By 1792, his unyielding support for a constitutional monarchy had left him equally despised by the radical followers of Robespierre and the monarchs of Europe. Wisely taking his chances with the Austrian emperor rather than the guillotine, he spent five hard years in prison. When he was released he had been ruined financially by the confiscation of his fortune and property, but he nevertheless rebuffed Napoleon's offers of the Legion of Honor, the ambassadorship to the United States and other bribes in order to protect his ability to stand forthrightly against authoritarianism, as he later fought that of Louis XVIII and Charles X. Meanwhile he supported liberation movements all over the world, and when he had no money to give them he borrowed more.

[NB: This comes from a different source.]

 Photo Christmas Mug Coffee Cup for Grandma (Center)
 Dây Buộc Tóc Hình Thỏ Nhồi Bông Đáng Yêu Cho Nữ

Forty-one years after the fall of the Bastille, Lafayette found himself at the head of the Revolution of 1830, which toppled Charles X. Once more the darling of the Parisian crowd, he delivered, at the age of 72, perhaps the grandest grand gesture of his life, deflecting appeals that he become the first president of a French republic to install the "republican monarchy" of Louis-Philippe. He did this by the simple act of embracing him in front of Paris's City Hall and literally wrapping him in a tricolor flag, which had been banned for the past fifteen years of the Bourbon restoration. Chateaubriand called the moment "coronation by a republican kiss."

Louis-Philippe never forgave him for the importance of his support, and when Lafayette died, four years later, he was carried to his grave under heavy guard. Displays of affection for him were quickly smothered by force, and no eulogies were permitted.

Lafayette's place in American history is secure, but his standing in France, along with that of his beloved Declaration of Rights and tricolor standard, has risen and fallen with every change of government since 1789 (three monarchs, two emperors, five republics). As late as 1987, in his Histoire et dictionnaire de la révolution française, the eminent historian Jean Tulard described Lafayette this way: "An empty-headed political dwarf, Lafayette is one of the people most responsible for the destruction of the French monarchy." Left-wing historians have faulted him equally for a lack of revolutionary rigor.

With historians so divided, the safest resort is the uncontroverted fact. One is that the people closest to Lafayette loved and respected him with a devotion that has left an indelible record. Another is that he did not lack courage, which was tested on the battlefield and on the streets of Paris, in his youth and in his old age. As many times as he was defeated, he never left the field.

Finally, if any doubt remains as to the success of the cause to which he devoted his life, there is the Constitution of the Fifth Republic, which has been in effect since 1958 and which begins with these words: "The French people solemnly proclaim their attachment to the Rights of Man and the principles of national sovereignty as defined by the Declaration of 1789... The nation's emblem shall be the blue, white and red tricolor flag... Its principle shall be: government of the people, by the people, and for the people. National sovereignty shall belong to the people."